There are strange contrasts all around. A clashing of cultures. Starbucks. Lingerie ads splash across the TVs in the bazaar as women in full burkas pass underneath. In an alley off a main street two dozen men stand, kneel and bow in prayer facing Mecca. Meanwhile in another place I hear speakers blaring out raunchy Bruno Mars lyrics. For all the stereotypes and expectations, the Arab people themselves are friendly, welcoming, affectionate and relational people.
I watched a few minutes of a tv program that was on. It was a sort of telethon. Islamic dress aside, it all the same tv production, same scripting, same guilt trip as a North American telethon. Only this one was raising money to rebuild mosques in Gaza. The host reminded us of what is said in the Quran: for the man who builds a mosque, even one the size of a bird’s nest, for him Allah will build a house in the heavens. So call now, operators are standing by.
The cost for Christians in these countries is high. Christians quickly become the scapegoat when muslim groups are in conflict with each other. Even in Egypt when the military ousted President Morsi, in many places local Muslim Brotherhood groups took out their anger by attacking local churches.
Today marks the beginning of the month of Ramadan. The Islamic calendar is based on the lunar cycle and so Ramadan always starts 11 days earlier than the previous year. This year it will be from July 9 – August 7. Fasting during Ramadan is one of the five pillars of Islam, along with the Confession of the Shahada (“there is no God but Allah, and Muhammed is his prophet.”), the 5 daily prayers facing Mecca, completing the Hajj (pilgrimage to Mecca at least once in a lifetime), and charitable giving to the poor (taken as a tax in some countries).

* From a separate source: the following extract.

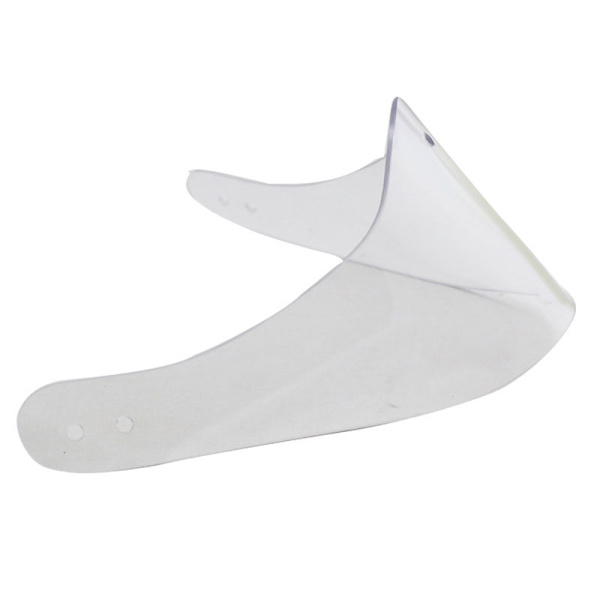 [RM] Junior Hockey Goalie Neck Protector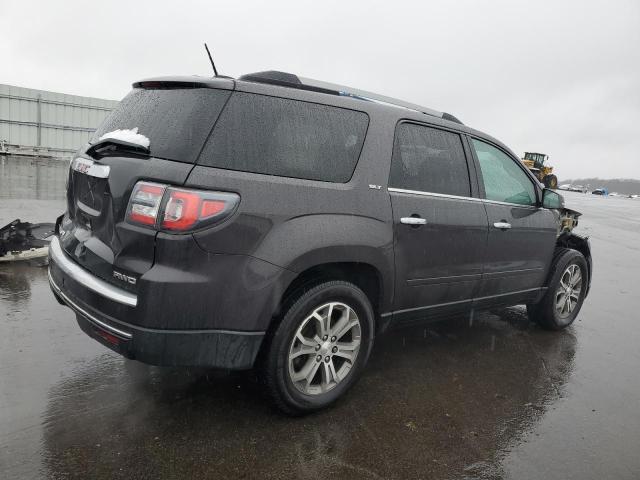 1GKKVRKD5GJ324665 GMC Acadia Slt-1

For Muslims Ramadan is a time to fast in order to earn favour with God to outweigh their bad deeds. Muslims fast during the daylight hours during Ramadan. The evenings are spent feasting and celebrating.
Christians in predominantly Muslim countries dread Ramadan. The Muslims don’t eat during the day and then stay up late eating and partying. For a whole month 99% of the country is grumpy and hungry and tired. There is additional mistreatment and persecution of Christians during this month.
Brothers and Sisters
This is not strange. What I’m describing is the normal experience of Christians around the world. We tend to think that our experience of Christian faith in Canada is normal. We attend church, carry bibles, listen to Christian media, buy Cristian books and can attend seminary. The government even gives us a tax receipt when we give to the church. This is far from normal. Our brothers and sisters around the world daily pay the price for following Jesus. We have a responsibility to stand with them in prayer.

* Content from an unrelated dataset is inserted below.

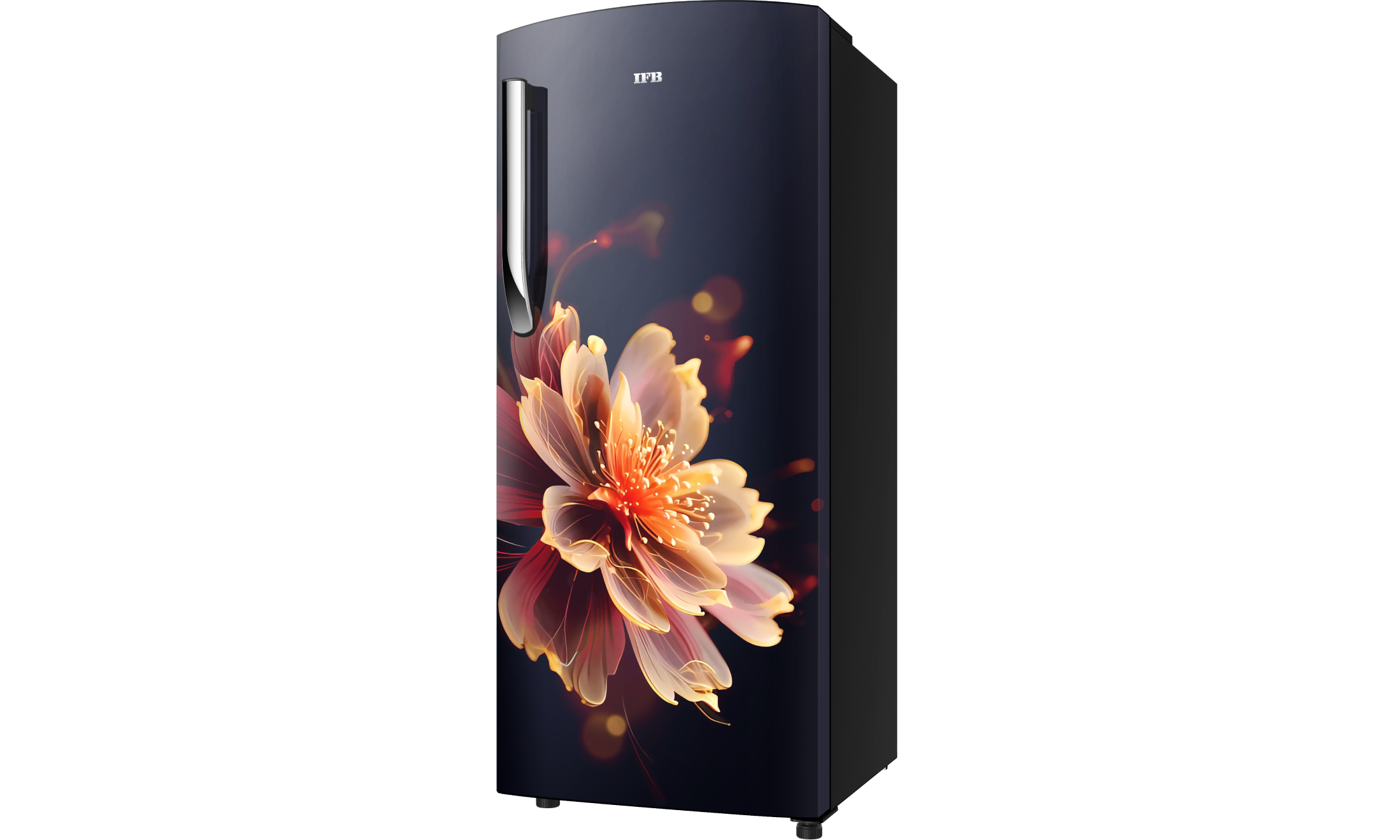 IFBDC-223CIBM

Will you commit in this month of Ramadan to praying for our brothers and sisters who have been called to follow Jesus under the dark shadow of Islam?
- Pray for Muslims to come to Jesus, that God would draw his own from every tribe, tongue and nation.
- Pray for Muslim background believers. For courage, faithfulness, wisdom and strength.
- Pray for sound doctrine and a biblical rootedness that will provide a theological foundation to withstand difficulty. The most popular teachers in the Middle East are Benny Hinn and Joyce Meyer. The few places of Biblical training won’t accept former Muslims as that would be illegal and they would be shut down.
- Pray for kings and presidents and those in high places, that God would sovereignly bring about the best climate for the advance of the gospel and the fame of Jesus.